The Parent Trap


A minimum of 412 times in my life, I have believed I am the result of a long discarded and forgotten attempt at human cloning. One look at a picture of my folks and you’ll understand why. But there are subtler signs. My mum grew into her fear of flying around the age I am when I’m becoming more wary of getting into a massive metal box that seems to become airborne only by default, as opposed to actual physics. My dad toyed with his creativity for a few years while he flitted from job to job in a way that’s frighteningly similar to my own.  My mum’s excuse that ‘that wasn’t how she meant it’ is starting to make sense. Sometimes, my dad’s face actually takes control of mine. I fear I’m not the only one.

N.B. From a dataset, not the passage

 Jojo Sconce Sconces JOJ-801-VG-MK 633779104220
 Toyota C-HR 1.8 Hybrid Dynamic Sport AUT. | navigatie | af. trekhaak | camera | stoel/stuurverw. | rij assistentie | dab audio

The worst thing you can say to a person is that they’re becoming their parents. Our oh-so-observant, smart-arse childhoods are spent watching these people live their lives and make their mistakes. We slowly realise that they are just human not the omniscient, omnipotent beings we thought, and we tear them apart for it. We are determined not to be like them. They did the best they could, but we’re sure we can do better.

Should we be afraid of the slow creep of genetics that wrests our selves into the mould of our DNA? Or should we embrace it, grasp the opportunity to realise our parents’ mistakes and fix them? Is this what gives us the edge in the survival of the fittest, the chance to take the best of what we’ve been given and fight our damnedest against the bit that forgot you once in the supermarket?